Elif Shafak could serve up to three years in jail if convicted over
remarks made by a fictional character in her latest book, "The
Bastard of Istanbul." The novel touches on one of the most sensitive
subjects in Turkey, the Armenian genocide.
Shafak's case is likely to further tarnish the image of Turkey, which is
engaged in membership talks with the 25-member European Union. EU
politicians and diplomats are expressing concern over the number of cases
brought against Turkish writers and journalists under Article 301 of the
penal code, which outlines penalties for defaming the Turkish Republic or
"Turkishness."
Olli Rehn, the European official supervising membership talks, said
Wednesday that Turkish courts were failing to comply with EU standards.
Rehn's statement came after a court Tuesday confirmed the conviction of
Hrant Dink, an ethnic Armenian journalist, who was given a six-month jail
sentence for writing an article in which he exhorted Armenians to overcome
their hatred of Turks. The article was construed as an insult to Turks.
The court postponed Dink's sentence and asked a local court to review the
case. Rehn said the ruling served as an example that could be followed in
similar cases.
According to the Turkish Publishers' Assn., 47 writers are being
prosecuted on charges that include insulting Kemal Ataturk, the founder of
modern Turkey, and "inciting racial hatred."
The cases fly in the face of broad reforms introduced in 2002 that helped
persuade the EU to open long-delayed membership talks with Turkey. The EU
repeatedly has warned that it could suspend the talks if Turkey continues
to breach accession requirements.
Shafak's book is the story of an Armenian family in San Francisco and a
Turkish family in Istanbul whose lives intersect over nine decades.

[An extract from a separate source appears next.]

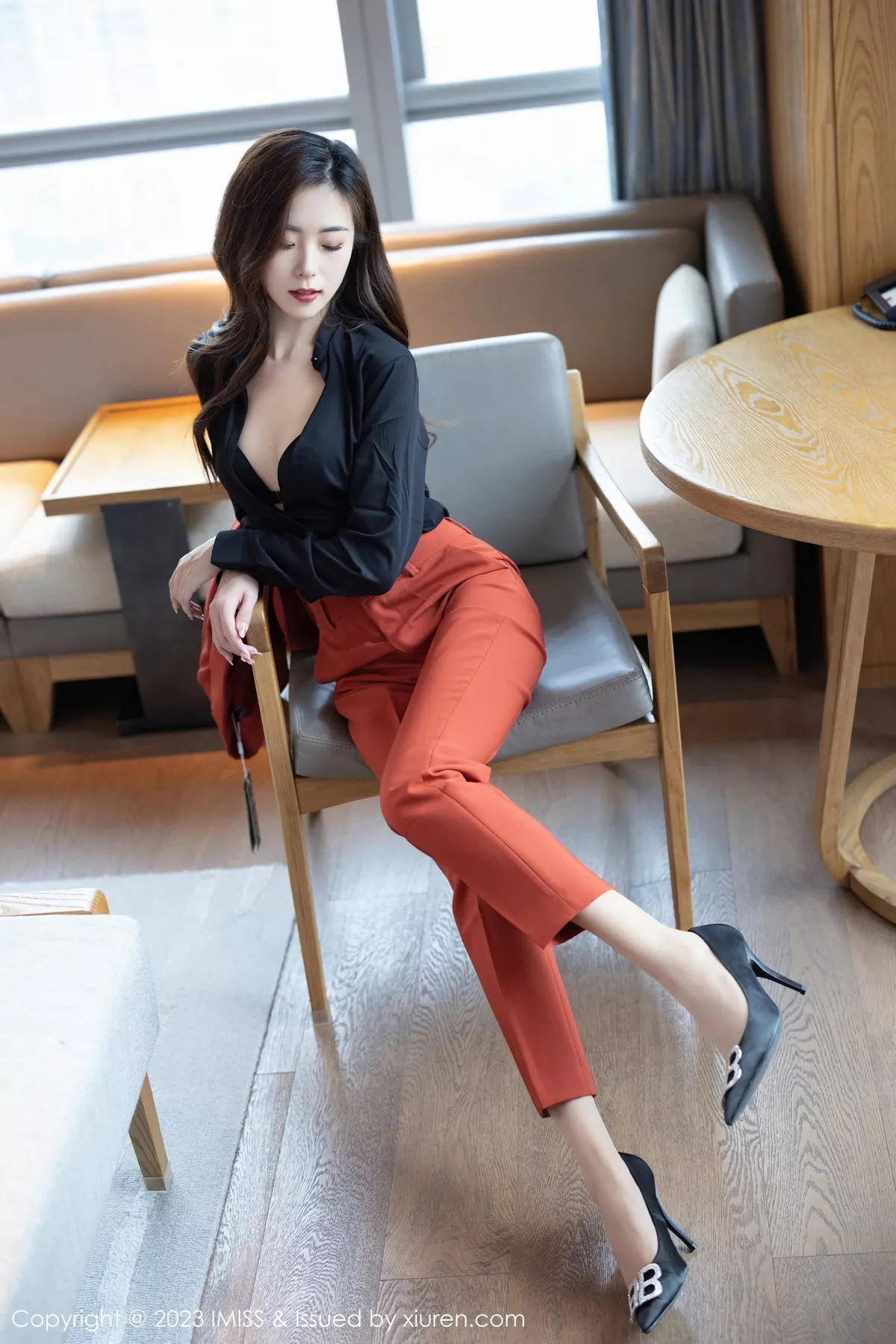 秀人集.com_[IMISS爱蜜社]Vol.717_模特杨紫嫣candy脱职场OL露性感黑色内衣原色丝袜迷人诱惑写真64P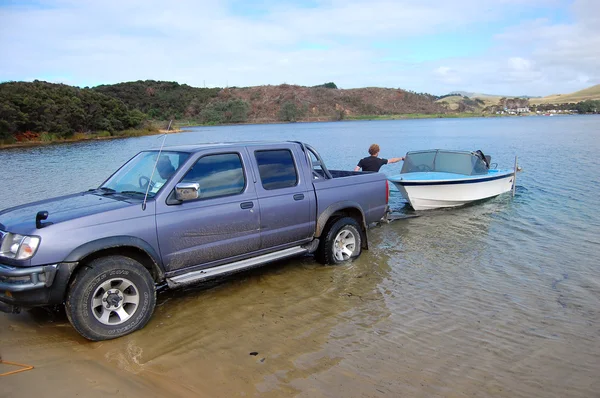 Coche con remolque de barco en el lago — Foto de Stock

Its references to the slaughter of some 1.5 million Armenians by the
Ottoman Turks during and after World War I are by Shafak's own admission
"difficult to digest" because the overwhelming majority of Turks
deny that the genocide took place.
However, the book has topped best-seller lists, selling more than 50,000
copies since its publication in March. "The feedback I received has
been very, very positive," Shafak, 35, said in a recent interview.
Ragip Zarakolu, president of the publishers' association, said such works
are gaining a wider audience because more Turks are seeking to explore
their country's past.
But the books also face a nationalist backlash.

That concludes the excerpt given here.